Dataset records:
[Start of section]

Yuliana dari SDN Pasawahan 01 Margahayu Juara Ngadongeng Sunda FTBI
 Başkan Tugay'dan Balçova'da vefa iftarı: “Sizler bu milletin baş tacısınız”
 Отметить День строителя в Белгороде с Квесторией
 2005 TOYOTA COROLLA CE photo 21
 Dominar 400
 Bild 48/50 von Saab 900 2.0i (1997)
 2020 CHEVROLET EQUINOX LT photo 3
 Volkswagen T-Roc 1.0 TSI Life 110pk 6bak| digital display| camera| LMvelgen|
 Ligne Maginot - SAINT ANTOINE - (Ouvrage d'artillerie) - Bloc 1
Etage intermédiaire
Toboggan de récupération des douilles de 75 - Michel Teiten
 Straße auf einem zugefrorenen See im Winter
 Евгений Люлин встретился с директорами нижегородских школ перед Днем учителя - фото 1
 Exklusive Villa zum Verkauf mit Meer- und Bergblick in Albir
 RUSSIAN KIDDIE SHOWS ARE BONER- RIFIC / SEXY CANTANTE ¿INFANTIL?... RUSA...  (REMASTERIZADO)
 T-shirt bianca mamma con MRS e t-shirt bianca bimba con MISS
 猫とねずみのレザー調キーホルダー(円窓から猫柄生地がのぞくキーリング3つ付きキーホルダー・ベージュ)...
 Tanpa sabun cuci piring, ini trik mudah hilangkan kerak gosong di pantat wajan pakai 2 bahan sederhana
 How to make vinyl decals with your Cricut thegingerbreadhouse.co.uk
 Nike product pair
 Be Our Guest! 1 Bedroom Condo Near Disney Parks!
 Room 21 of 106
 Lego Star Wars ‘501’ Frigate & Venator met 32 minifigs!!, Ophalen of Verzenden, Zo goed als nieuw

[End of section]

PROBLEM DETAILS →
Output an exact copy of the lines beginning at the one that holds "Exklusive Villa zum" and running through the final line of the records.

SOLUTION FOR THIS EXERCISE →
 Exklusive Villa zum Verkauf mit Meer- und Bergblick in Albir
 RUSSIAN KIDDIE SHOWS ARE BONER- RIFIC / SEXY CANTANTE ¿INFANTIL?... RUSA...  (REMASTERIZADO)
 T-shirt bianca mamma con MRS e t-shirt bianca bimba con MISS
 猫とねずみのレザー調キーホルダー(円窓から猫柄生地がのぞくキーリング3つ付きキーホルダー・ベージュ)...
 Tanpa sabun cuci piring, ini trik mudah hilangkan kerak gosong di pantat wajan pakai 2 bahan sederhana
 How to make vinyl decals with your Cricut thegingerbreadhouse.co.uk
 Nike product pair
 Be Our Guest! 1 Bedroom Condo Near Disney Parks!
 Room 21 of 106
 Lego Star Wars ‘501’ Frigate & Venator met 32 minifigs!!, Ophalen of Verzenden, Zo goed als nieuw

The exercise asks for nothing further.